The Student News Site of Shawnee Mission Northwest

SMNW

The Student News Site of Shawnee Mission Northwest

SMNW

The Student News Site of Shawnee Mission Northwest

SMNW

Butterfly

To bloom, first you must break
Photo+illustration+By+Grace+Rau
Photo illustration By Grace Rau

I stare at the math test in front of me, my eyes brimming with tears. 

The equations printed on the page look like nonsense. I don’t know the answers — and that’s never supposed to happen. 

But it’s happening. 

It’s real, too real, as every tick of the clock pushes me closer and closer to crying.

I naively pray my test will turn into something simpler if I stare at it long enough. Disappointingly — yet as anticipated — God does not turn my Honors Algebra 2 test into my sister’s kindergarten math worksheets. It’s too late for a miracle. If karma’s real, it’s finally come for me for all those years I never so much as glanced at my study guide.

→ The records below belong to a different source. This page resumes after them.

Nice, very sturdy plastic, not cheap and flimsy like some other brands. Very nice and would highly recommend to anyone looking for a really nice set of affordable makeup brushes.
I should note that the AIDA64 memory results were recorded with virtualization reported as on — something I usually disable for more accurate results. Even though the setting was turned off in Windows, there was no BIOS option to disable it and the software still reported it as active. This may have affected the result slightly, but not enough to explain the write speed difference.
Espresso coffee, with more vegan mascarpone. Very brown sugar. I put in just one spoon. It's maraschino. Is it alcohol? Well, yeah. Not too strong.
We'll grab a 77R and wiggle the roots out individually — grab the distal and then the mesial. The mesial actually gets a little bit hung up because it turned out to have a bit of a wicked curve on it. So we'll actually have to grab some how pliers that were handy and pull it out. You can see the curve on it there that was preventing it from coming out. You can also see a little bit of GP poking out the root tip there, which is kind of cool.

I’m slipping, sliding, no longer at the very tip-top of my classes. I’m not satisfied. My test grades turn from A’s to B’s, and B’s mean I’m not good enough. 

For the first time in my life I’m stressing about school work. 

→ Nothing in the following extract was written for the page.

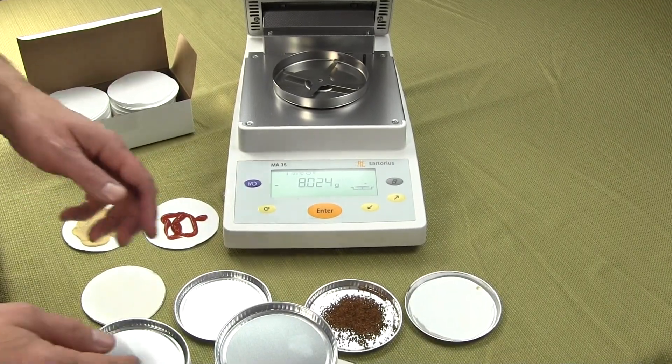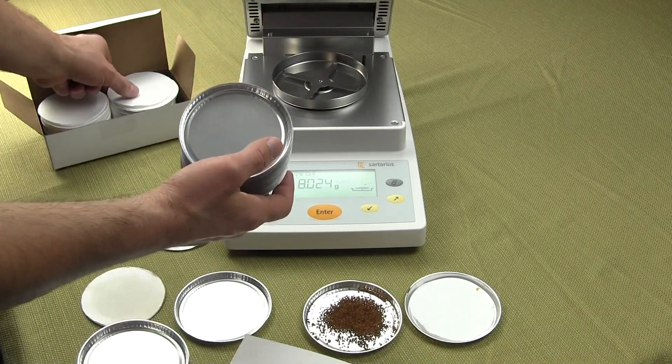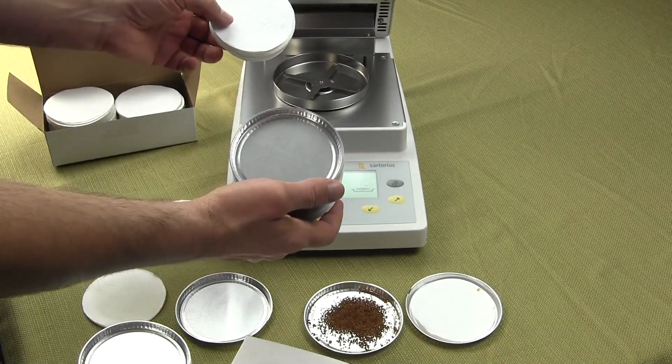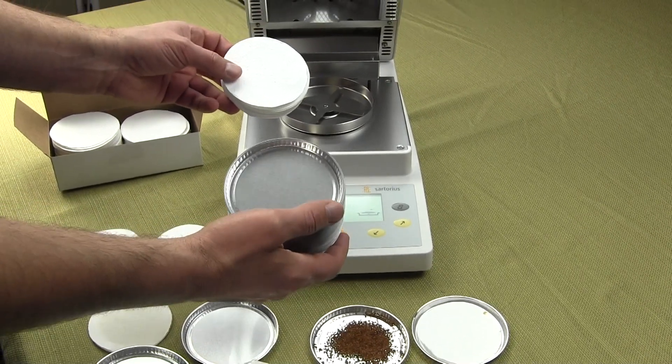Welcome to Precision Weighing Balances. Today we'd like to talk to you about the moisture pans and filter pads that we have to offer for some of the most popular moisture balances on the market.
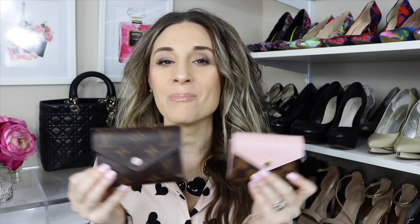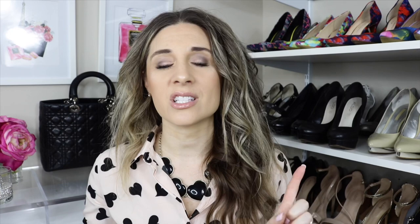If you guys are new to my channel, make sure to hit that subscribe button and follow me on Instagram as well. Let me know in the comments if you own both wallets and which one you prefer. If there are other comparison videos you'd like to see, let me know — these videos really help when you're on the fence about a purchase. I'll link both wallets below, especially on the pre-loved market so you can save a little money. Have a wonderful day and I'll see you in my next video!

I’m sixteen and learning to study. 

And I feel a little like I’m falling apart.

But I try to pick up the pieces and hold in the emotions that run through my veins like molten gold. I’m still a good student, good daughter, good sister, good friend. 

At least, that’s what I tell myself as I smile and hope I mean it. 

I fiddle with the eraser of my pink mechanical pencil. I can’t focus, can’t look at the unanswerable questions any longer. 

Something’s going to break, I think. Deep inside I have a terrible, sinking feeling that it’s true. I could brush it off, but I know that wouldn’t be right. 

Something’s going to break. And it’s going to be me. 

But I don’t want to break. I want to bloom. 

I want to race and twirl through fields of wildflowers. I want to crash into piles of crisp autumn leaves and toss helicopter seeds high in the air, letting them flutter down around me. I want to turn my soul into sunlight, and to paint the world golden. 

But I’m trapped here with this test in front of me instead, tears threatening to overflow. My heart aches. 

Something’s going to break. And it’s going to be me. 

I’m growing up, whether I like it or not. And growing up means learning. 

Learning that, to bloom, first you must break. 

I got 52% on that math test — the lowest test grade I’ve ever received. I cried, but my parents told me that it wasn’t the end of the world. 

Yet I kind of felt like it was.

But it wasn’t

The next day, the sun still came up. I still went to school, and my future wasn’t shattered. I might not have felt okay, but I was. And I grew from it. I went to my teacher after class and asked for help. We talked through the assignment, and little by little I began to understand it better. 

So yes, I’ll break. 

But I’ll also bloom, growing from my trials and failures, coming into the person I was meant to be. I’ll break free and step out of this school in a cap and gown with my diploma in hand, four years older, wiser, and kinder than when I first stepped in. 

I’ll bloom, emerging from the pressure.